Once reported, an FAD diagnostician will visit the premises within 24 hours of notification to perform an onsite investigation, examine affected animals, obtain appropriate samples for laboratory testing, quarantine the animals and/or premises, and implement disease control measures. If diagnostic testing at the Foreign Animal Disease Laboratory on Plum Island, New York, confirms an FAD, then regulatory officials will implement movement restrictions and disease eradication measures.

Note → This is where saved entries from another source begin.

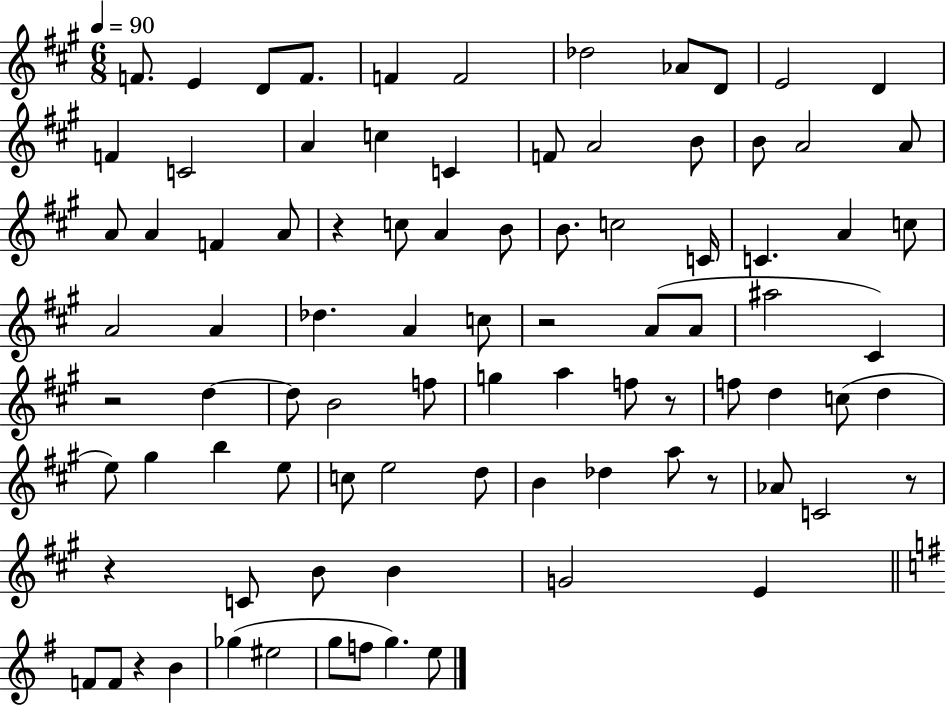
{
  \clef treble
  \numericTimeSignature
  \time 6/8
  \key a \major
  \tempo 4 = 90
  \repeat volta 2 { f'8. e'4 d'8 f'8. | f'4 f'2 | des''2 aes'8 d'8 | e'2 d'4 | \break f'4 c'2 | a'4 c''4 c'4 | f'8 a'2 b'8 | b'8 a'2 a'8 | \break a'8 a'4 f'4 a'8 | r4 c''8 a'4 b'8 | b'8. c''2 c'16 | c'4. a'4 c''8 | \break a'2 a'4 | des''4. a'4 c''8 | r2 a'8( a'8 | ais''2 cis'4) | \break r2 d''4~~ | d''8 b'2 f''8 | g''4 a''4 f''8 r8 | f''8 d''4 c''8( d''4 | \break e''8) gis''4 b''4 e''8 | c''8 e''2 d''8 | b'4 des''4 a''8 r8 | aes'8 c'2 r8 | \break r4 c'8 b'8 b'4 | g'2 e'4 | \bar "||" \break \key e \minor f'8 f'8 r4 b'4 | ges''4( eis''2 | g''8 f''8 g''4.) e''8 | } \bar "|."
}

Unlike an outbreak of an endemic disease, such as strangles or equine influenza, all members of the equine industry across the country would be impacted by an FAD outbreak. Confirmation of an FAD results in activation of a national response plan with coordination of state and federal animal health officials. With detection of an FAD, countries can prohibit entry of equids from the affected country and domestic movement of horses is restricted. Restrictions may extend to equine affiliated entities such as nutritionists, farriers, equine dentists, and feed and hay suppliers.
The ultimate outcome following the introduction of an FAD depends on the response of regulatory officials in concert with the equine industry. Preparedness, prompt response, and collaboration are key to success. Unfortunately, domestic equine disease outbreaks in recent years have shown the equine industry is underprepared due mainly to limited implementation of biosecurity measures and insufficient use of diagnostic testing. Furthermore, limited resources at national and local levels to address equine disease issues result in the inability to focus on the development and training involved in a national equine FAD response plan. Lastly, segmentation of different sectors of the equine industry leads to challenges in communication and collaboration and slows the response to an FAD.
The equine industry has a unique opportunity to learn from the current human pandemic and enhance equine FAD preparedness and response. Equine stakeholders can reach out to local and national regulatory authorities to prioritize the development of an equine FAD response plan, which focuses on business continuity while protecting the health of the nation’s equine population.